Mathematicians have proven that in any democratic system there are cases where some voters might get an advantage by strategizing based on how they expect others to vote. But in STAR Voting simulations, these cases were rare and minor compared to other methods, particularly our current “choose-one” system, but also other contemporary reforms based on ranking. That is to say, STAR allows voters to be honest about whom they like, and by how much. If you like a minor candidate, you won’t be forced to choose only a “lesser evil” out of fear, and if you like a major candidate, you won’t lose just because a similar candidate splits the vote.
STAR is also practical. Because it allows votes to be tallied at the precinct level, with only overall tallies transmitted to a central location, it is easy to audit or recount by hand if necessary, giving added confidence that election results are accurate.
Voting reformers have shown that when votes really count, more people vote and are satisfied with the outcome. STAR Voting is the next step on that path, and Lane County, Oregon is leading the way. Please support STAR Voting’s adoption in Lane County by voting YES on Measure 20-290.
(This information furnished by Jameson Quinn.)
Argument in Favor
STAR Voting does a great job at accomplishing the goals of Progressive Oregon. It’s honesty is the best strategy. Strategic voting is not incentivized. It’s accurate, no matter how many candidates/parties are in the race. No parties, candidates, or voters are excluded, every vote has an equally weighted vote.
STAR Voting doesn't give anyone an unfair advantage. Even if your favorite can’t win, your vote helps prevent your worst case scenario. It’s Constitutional, secure, and precinct summable and likely to end two party domination.
Progressive Oregon endorse a yes vote on Measure 20-290.
(This information furnished by Dan Jensen, Chair, Progressive Oregon.)
Argument in Favor
I encourage you to support STAR Voting for Lane County Officers
We have a unique opportunity to improve our voting processes, starting here, in Lane County.
Score Then Automatic Runoff “STAR Voting” is designed to elect leaders that unite us, rather than divide us.
We all read the headlines, bearing witness to a partisan election system that encourages candidates to adopt divisive platforms in order to win in their primary races. Unfortunately, many politicians that make it through this process are not in a position to constructively work together once elected. They have simply made too many promises at the fringes to work effectively across party lines.
The STAR Voting method is designed to favor candidates that appeal to the broadest range of voters. Its major benefit, once we grow to trust this new process, is the ability to expand STAR Voting for use in all elections – opening a path for candidates to more effectively compete for the political center from the beginning of their campaigns through to election day.
Meanwhile, STAR Voting will allow us to save money, once it is up and running, because it is a more efficient election process.
I encourage you to vote FOR STAR Voting, a system where leaders who bring people together have the electoral advantage.
R. Jordan Papé
(This information furnished by R. Jordan Papé.)
Argument in Favor
STAR Voting is simple. It always elects the majority favorite between the two highest rated candidates in every race in which it is used.

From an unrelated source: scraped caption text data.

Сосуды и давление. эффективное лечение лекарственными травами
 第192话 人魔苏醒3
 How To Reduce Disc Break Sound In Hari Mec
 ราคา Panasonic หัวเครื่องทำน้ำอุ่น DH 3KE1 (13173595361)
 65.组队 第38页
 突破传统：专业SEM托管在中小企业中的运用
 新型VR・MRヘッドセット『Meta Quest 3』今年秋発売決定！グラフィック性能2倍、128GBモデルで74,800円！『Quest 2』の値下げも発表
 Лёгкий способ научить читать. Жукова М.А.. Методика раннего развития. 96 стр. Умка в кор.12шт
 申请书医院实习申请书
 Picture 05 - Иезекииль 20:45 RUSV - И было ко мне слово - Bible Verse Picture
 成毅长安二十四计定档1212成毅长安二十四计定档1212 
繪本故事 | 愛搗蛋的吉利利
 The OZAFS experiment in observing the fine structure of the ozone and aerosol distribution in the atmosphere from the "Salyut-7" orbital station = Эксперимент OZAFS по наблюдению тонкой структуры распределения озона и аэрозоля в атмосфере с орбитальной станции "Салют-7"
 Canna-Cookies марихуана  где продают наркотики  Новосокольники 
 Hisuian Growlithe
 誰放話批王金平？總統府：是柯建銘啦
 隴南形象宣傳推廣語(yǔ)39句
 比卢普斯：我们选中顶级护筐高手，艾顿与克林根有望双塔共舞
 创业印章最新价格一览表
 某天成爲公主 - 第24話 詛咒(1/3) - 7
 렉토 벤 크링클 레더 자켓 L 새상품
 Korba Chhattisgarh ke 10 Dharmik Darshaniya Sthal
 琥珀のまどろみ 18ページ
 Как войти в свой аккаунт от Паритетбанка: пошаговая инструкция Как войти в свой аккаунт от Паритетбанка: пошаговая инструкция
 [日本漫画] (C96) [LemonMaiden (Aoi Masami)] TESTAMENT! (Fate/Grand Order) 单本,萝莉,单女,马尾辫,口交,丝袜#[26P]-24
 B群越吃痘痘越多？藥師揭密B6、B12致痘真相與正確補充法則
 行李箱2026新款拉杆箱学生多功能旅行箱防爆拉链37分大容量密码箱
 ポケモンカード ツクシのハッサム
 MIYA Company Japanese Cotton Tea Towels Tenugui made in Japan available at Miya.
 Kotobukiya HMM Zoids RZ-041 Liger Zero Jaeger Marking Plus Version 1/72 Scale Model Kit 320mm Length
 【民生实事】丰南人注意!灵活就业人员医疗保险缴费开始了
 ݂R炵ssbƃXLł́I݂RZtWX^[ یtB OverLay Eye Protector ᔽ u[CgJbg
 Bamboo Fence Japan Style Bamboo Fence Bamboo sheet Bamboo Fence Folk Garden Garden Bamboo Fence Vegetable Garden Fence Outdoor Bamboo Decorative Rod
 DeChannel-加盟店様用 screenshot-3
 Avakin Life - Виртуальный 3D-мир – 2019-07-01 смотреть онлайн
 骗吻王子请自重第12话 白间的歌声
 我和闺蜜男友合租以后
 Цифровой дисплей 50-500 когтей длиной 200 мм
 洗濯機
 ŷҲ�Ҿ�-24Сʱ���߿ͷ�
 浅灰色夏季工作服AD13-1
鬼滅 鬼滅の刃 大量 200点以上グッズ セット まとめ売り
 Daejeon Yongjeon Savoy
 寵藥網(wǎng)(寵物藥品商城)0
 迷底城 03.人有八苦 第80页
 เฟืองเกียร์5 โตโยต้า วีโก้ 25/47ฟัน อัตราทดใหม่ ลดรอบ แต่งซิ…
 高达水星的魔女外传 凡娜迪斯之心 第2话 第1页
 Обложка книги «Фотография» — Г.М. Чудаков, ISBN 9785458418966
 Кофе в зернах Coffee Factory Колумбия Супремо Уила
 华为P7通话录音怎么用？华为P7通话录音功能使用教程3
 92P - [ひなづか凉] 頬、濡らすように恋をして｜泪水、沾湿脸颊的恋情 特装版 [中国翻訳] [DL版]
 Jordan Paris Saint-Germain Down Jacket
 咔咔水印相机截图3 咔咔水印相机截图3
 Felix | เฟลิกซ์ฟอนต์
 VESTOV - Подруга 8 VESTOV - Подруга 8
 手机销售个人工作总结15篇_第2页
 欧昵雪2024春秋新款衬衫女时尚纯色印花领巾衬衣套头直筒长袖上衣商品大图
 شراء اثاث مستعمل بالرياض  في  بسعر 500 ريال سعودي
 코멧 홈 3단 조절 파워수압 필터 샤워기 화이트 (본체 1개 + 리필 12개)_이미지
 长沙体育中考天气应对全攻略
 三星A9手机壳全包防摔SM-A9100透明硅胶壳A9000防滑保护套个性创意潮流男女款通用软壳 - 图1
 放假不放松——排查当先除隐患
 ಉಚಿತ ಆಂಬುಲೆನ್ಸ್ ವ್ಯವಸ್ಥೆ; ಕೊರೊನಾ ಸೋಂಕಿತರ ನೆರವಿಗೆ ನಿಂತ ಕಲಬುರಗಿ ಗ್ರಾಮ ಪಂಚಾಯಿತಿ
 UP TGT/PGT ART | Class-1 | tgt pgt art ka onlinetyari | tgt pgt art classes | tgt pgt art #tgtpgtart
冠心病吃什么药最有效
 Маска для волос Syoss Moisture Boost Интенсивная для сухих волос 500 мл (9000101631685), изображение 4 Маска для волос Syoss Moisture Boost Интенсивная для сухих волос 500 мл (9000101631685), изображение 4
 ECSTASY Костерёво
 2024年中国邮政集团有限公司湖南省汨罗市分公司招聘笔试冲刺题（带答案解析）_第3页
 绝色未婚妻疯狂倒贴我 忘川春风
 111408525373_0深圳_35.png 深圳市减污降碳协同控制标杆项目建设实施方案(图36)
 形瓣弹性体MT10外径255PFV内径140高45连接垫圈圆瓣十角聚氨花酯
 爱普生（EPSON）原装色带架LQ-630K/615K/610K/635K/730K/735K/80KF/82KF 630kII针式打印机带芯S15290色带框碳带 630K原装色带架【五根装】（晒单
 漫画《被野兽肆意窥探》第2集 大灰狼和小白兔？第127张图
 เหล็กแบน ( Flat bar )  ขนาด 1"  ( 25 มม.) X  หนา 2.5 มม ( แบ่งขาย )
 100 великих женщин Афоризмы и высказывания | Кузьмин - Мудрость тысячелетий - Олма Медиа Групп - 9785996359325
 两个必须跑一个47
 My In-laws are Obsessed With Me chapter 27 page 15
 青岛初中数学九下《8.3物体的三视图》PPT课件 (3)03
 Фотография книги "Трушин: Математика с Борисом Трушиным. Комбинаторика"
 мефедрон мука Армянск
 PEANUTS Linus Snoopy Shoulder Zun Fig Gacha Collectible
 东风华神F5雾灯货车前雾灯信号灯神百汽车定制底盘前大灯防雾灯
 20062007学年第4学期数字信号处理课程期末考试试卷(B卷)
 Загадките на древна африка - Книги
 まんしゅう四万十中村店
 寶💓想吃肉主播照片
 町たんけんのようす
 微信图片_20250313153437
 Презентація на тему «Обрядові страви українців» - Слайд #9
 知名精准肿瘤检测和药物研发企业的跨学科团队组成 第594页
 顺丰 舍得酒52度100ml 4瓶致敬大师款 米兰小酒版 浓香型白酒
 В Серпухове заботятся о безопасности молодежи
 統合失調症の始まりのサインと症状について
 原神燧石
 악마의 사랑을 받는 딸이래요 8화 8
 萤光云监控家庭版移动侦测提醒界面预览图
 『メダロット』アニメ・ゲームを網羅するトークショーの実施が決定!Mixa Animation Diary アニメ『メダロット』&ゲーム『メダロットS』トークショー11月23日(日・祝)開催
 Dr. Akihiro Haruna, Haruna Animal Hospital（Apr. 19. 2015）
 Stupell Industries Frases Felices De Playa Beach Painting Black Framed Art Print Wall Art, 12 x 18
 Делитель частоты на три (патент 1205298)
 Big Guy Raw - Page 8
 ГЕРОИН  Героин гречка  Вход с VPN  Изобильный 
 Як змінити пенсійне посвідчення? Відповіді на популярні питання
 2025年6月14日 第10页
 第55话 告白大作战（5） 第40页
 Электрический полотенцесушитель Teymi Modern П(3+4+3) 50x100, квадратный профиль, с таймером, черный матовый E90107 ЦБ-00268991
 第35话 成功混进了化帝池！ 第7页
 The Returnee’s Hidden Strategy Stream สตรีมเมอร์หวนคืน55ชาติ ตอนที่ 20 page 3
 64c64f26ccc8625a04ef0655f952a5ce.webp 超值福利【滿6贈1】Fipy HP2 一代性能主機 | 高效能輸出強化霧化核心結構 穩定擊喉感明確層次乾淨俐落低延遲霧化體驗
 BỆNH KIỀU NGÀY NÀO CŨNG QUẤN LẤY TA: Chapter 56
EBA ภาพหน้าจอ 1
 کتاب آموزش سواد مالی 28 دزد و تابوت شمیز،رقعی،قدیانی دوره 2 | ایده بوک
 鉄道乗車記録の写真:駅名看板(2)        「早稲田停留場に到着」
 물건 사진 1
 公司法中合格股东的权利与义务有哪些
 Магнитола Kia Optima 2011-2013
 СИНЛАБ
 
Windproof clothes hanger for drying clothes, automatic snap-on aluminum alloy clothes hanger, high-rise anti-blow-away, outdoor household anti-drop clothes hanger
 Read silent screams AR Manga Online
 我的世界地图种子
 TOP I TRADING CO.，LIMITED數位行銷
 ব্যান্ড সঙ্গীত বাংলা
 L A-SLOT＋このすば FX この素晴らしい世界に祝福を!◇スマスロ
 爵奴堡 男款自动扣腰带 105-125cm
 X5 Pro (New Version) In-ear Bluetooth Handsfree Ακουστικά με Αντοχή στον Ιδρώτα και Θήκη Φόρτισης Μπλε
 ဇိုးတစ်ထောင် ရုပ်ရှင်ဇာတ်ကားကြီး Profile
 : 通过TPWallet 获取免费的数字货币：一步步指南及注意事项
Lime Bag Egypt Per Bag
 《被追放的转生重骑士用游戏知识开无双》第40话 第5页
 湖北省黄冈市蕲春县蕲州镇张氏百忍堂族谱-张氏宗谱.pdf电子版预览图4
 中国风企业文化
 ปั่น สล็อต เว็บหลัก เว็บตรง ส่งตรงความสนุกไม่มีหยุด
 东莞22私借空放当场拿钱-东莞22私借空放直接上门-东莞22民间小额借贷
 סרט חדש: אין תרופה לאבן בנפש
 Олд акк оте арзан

In STAR, voters rate candidates on a scale from zero (no support) to five (full support). In order to make it to the top two highest rated, a candidate must have excellent breadth as well of depth of appeal. And the automatic runoff ensures the winner gets a majority mandate.
In our current system, extremists can sneak through by exploiting a crowded field of candidates, because voters are limited to supporting only one, and the candidate who best embodies the majority opinion can lose if too many similar opponents split the vote. Voters often experience this as a tension between supporting their true favorite versus casting a strategic vote for a more electable “lesser evil.”
STAR Voting fundamentally eliminates this vote-splitting “spoiler” effect by letting voters express their true preferences. STAR is rooted in the idea that our complex political views cannot be accurately expressed when we are limited to supporting just one option, treating all others as equally undesirable. An independent rating for each candidate is just the solution.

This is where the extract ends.